Most non-Chinese studies use variously constructed dimensions for idealism and relativism to assess whether relationships with judgement making can be identified (e.g. Shaub et al. 1993; Barnett et al. 1994, 1996, 1998; Douglas and Schwartz 1999; Singhapakdi et al. 2000; Chui and Stembridge 2001; Davies et al. 2001; and Douglas et al. 2001). The findings are generally unanimous in their observation that respondents taking an idealistic position rate unethical activities more conservatively than their relativistic counterparts. Idealists identify more with a need to adhere to principles (generally codified in some form) which support decisions that avoid harm and maximise the welfare of society. Relativists on the other hand question the validity of societal rules and regulations and maintain a situational perspective.
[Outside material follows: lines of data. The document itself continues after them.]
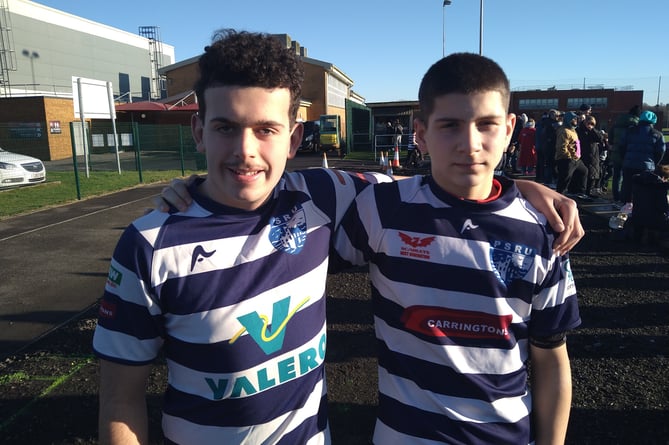 Pembroke RFC U15s players at the West Wales festival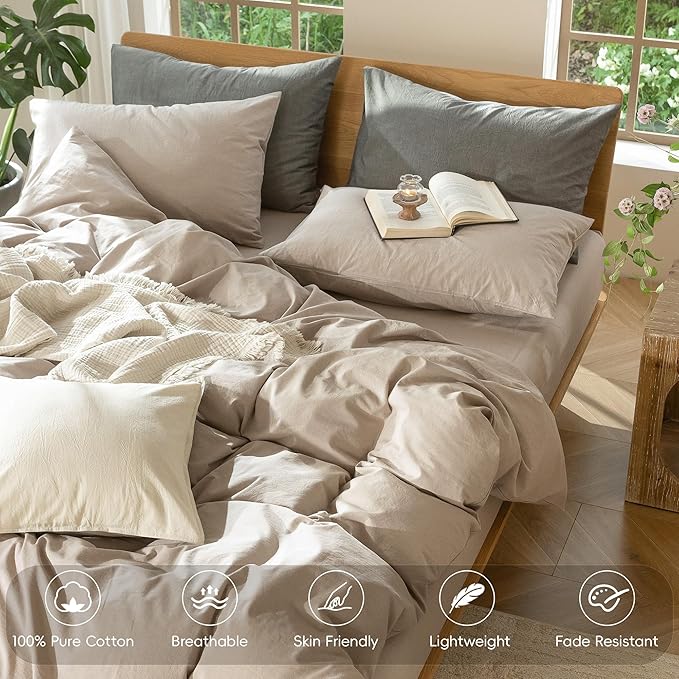 MooMee Bedding Duvet Cover Set 100% Washed Cotton Linen Like Textured Breathable Durable Soft Comfy (Heathered Taupe, Super Queen 90"x98")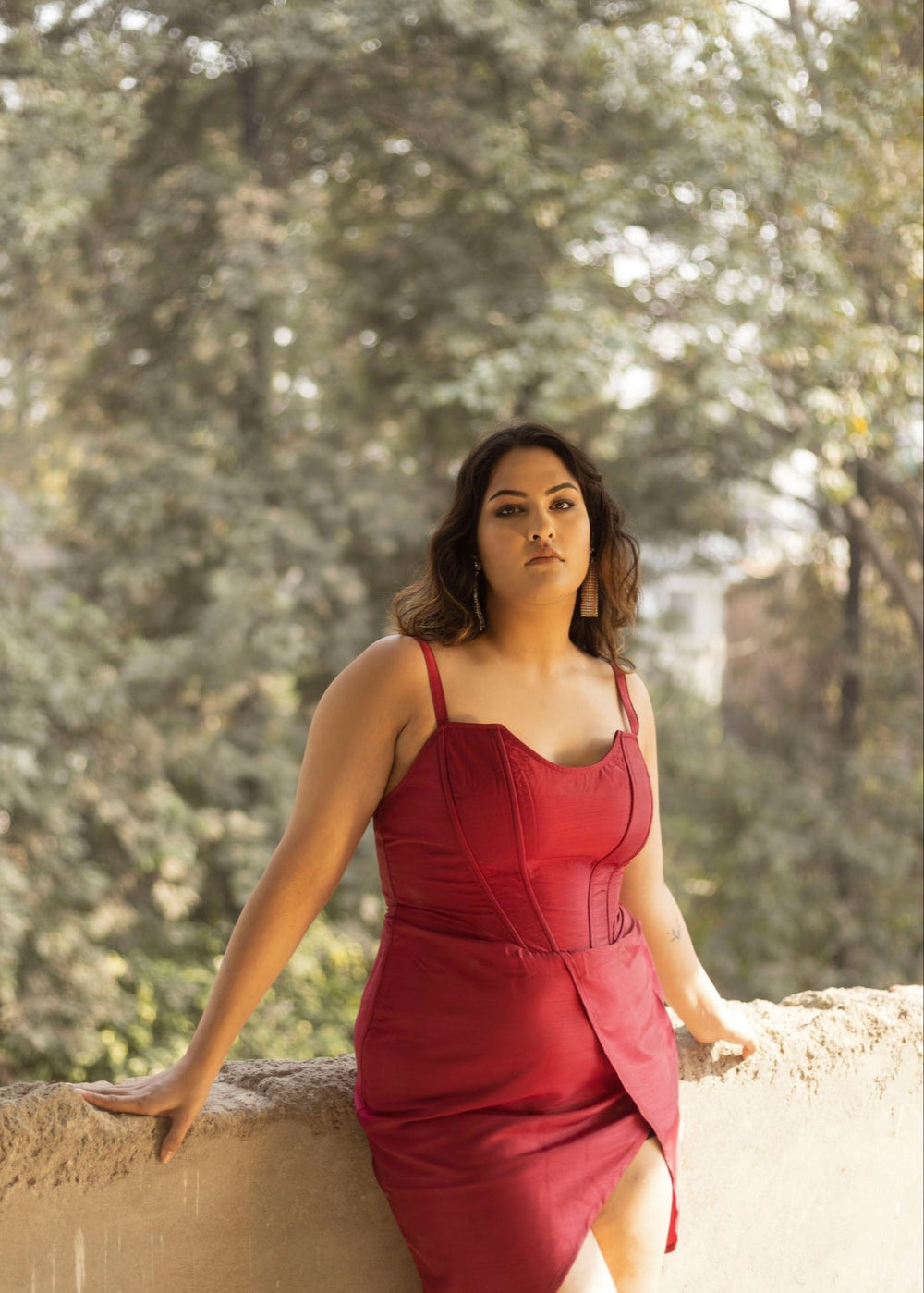 Rachel Burgundy Silk Satin Corset Dress with Asymmetric Hem - Lea Clothing Co.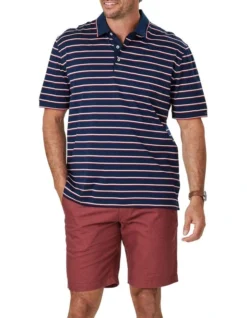 Smart Tri-Stripe Polo In Navy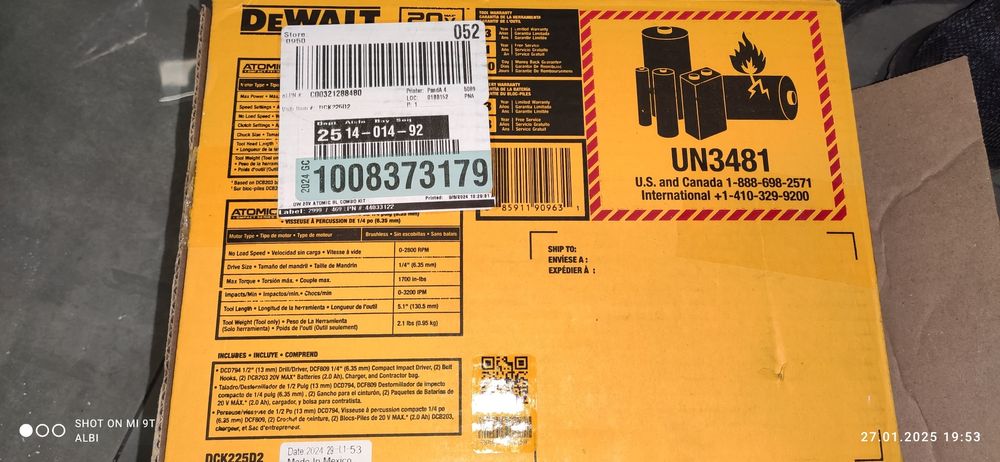 DeWalt zastaw 20v  usa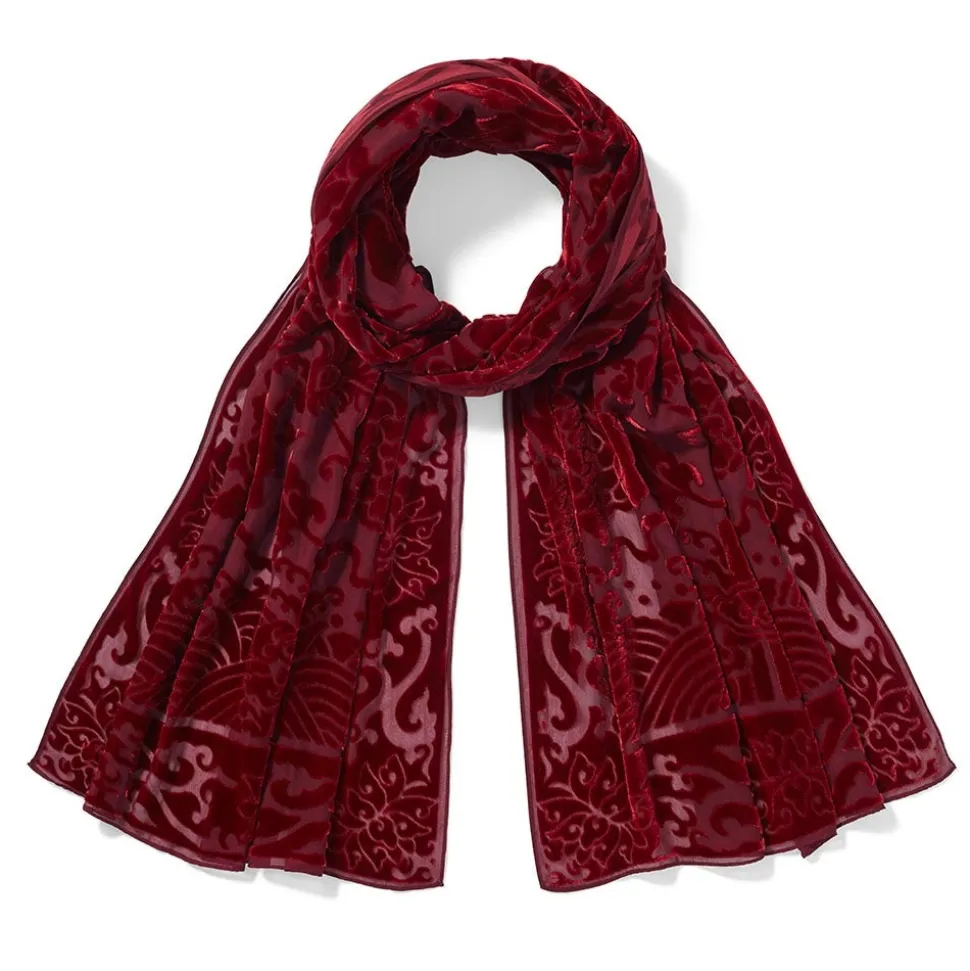 The Metropolitan Museum of Art Scarves & Wraps*Chinese Phoenixes And Peonies Oblong Velvet Burnout Scarf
Although the ten statements making up the relativism scale are couched in objective third person terms, it is clear that they provide respondents with an opportunity to take a view that permits a degree of self interest, and this affects their judgement making. Positive associations between Machiavellianism and relativism have been explored in both a western (Wakefield 2008) and Chinese (Zhao 2008) context and demonstrate that individuals identifying closely with both belief systems are less likely to reject questionable activities compared to their idealistic counterparts.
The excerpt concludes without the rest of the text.